Can we always write public virtual for safety, even we don't have multiple inheritance.
Each instance of derive has a middle1 base class sub-object and a middle2 base class sub-object.
If the inheritance is non-virtual, then the middle1 base class sub-object has a base base class subobject, and the middle2 base class sub-object also has a base base class sub-object. Hence, each instance of derive has two base sub-objects, and the call pd->f() is ambiguous -- which of the base objects do you want to call f() on?
Making the inheritance virtual means that middle1 and middle2 will share a single base sub-object of derive. This removes the ambiguity -- there is only one base object that f() could be called on.
Can we always write public virtual for safety
Not necessarily. There may be inheritance hierarchies in which you don't want middle1 and middle2 to share a public base sub-object. You could probably argue that in such cases, you shouldn't be writing a class derive that inherits from both, but if you do end up with that situation then the workaround would be to do either:
static_cast<middle1*>(pd)->f();
pd->middle1::f();
to specify that you want to call f on the middle1 base class sub-object, or
static_cast<middle2*>(pd)->f();
pd->middle2::f();
to specify middle2.
Virtual base classes implement an additional indirection level in order to solve the diamond problem (see this question).
If you always use virtual inheritance, you will always suffer the performance penalty resulting from that additional indirection level.
Therefore, I would suggest you only use virtual inheritance when you have to.
I know that virtual solves this problem, but how?
virtual keywords solves the problem by making only one top order base class subobject to be present in the inheritance hierarchy. Without it each parent class middle1 & middle2 have their own copy of the base class thus resulting in ambiguity.
Can we always write public virtual for safety, even we don't have multiple inheritance.
There is no reason to use virtual inheritance if you don't have multiple inheritance. Multiple inheritance is the purpose for concept of virtual inheritance to exist.

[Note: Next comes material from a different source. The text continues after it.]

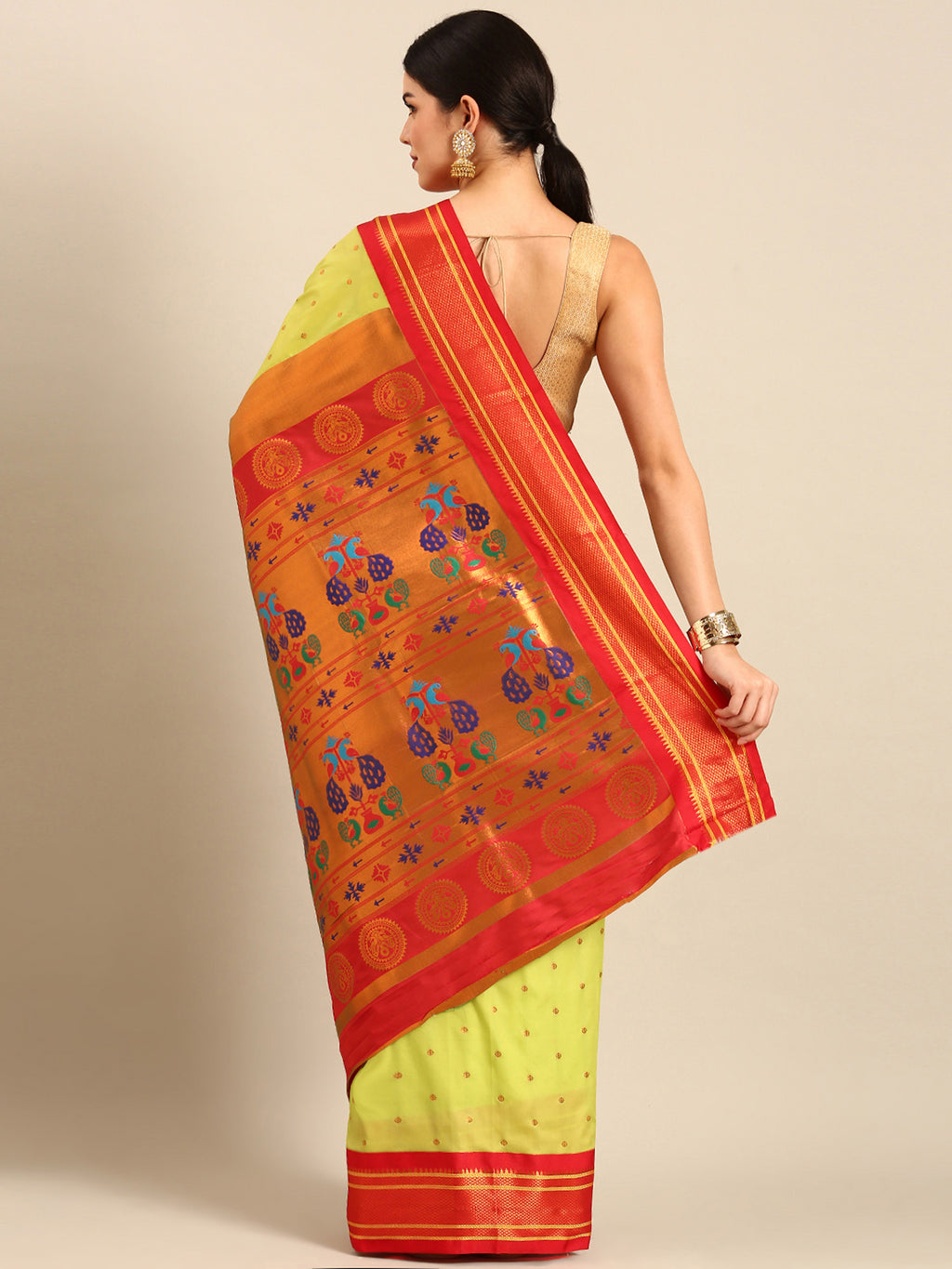 Maharani paithani saree silk blend in popati & red with polka butta design - back view showing pallu and border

I am a freshman in C++, especially about object-oriented programming. And now I have a problem during my learning.
There is a class hierarchy following:
class Class{};
class Base:public Class{};
class Derived1:virtual public Base{};
class Derived2:virtual public Base{};
class MI:public Derived1,public Derived2{};
class Final:public MI,public Class{};
And now I want to know what the order of constructor for the definition of a Final class object is.
I draw a diagram:
structure of class inheritance http://hi.csdn.net/attachment/201203/16/2712336_1331902452BziD.jpg
I know Virtual base classes are always constructed prior to nonvirtual base classes regardless of where they appear in the inheritance hierarchy. What I am confused is that if constructor of class Class is before Base, and if constructor of Class is invoked twice. And why?
Can someone tell my the answer? The more detailed, the better.

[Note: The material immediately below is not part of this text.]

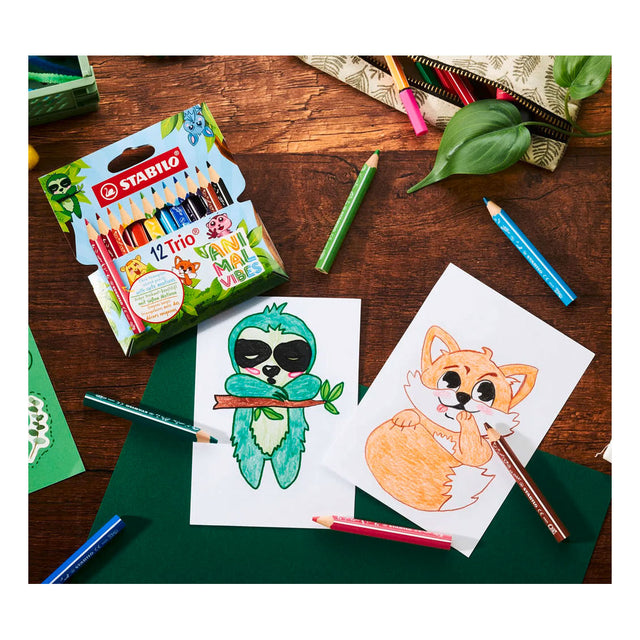 Stabilo Animal Vibes Trio dicke kurze Buntstifte – 12 Stk.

The direct inheritance of Class by Final and Base is not virtual, so an instance of Final has two base class subobjects of type Class. The one that is the direct base of Base is constructed before Base, and the one that is the direct base of Final is constructed afterwards (in fact after MI).
The reason is that:
direct bases are constructed in the order they're listed (unless they're a virtual base that has been constructed already),
bases are constructed before the class's own constructor runs.
Applying (1) to Final tells us that Class is constructed after MI. Applying (2) several times tells us that Class is constructed before Base, before Derived1 and Derived2, before MI.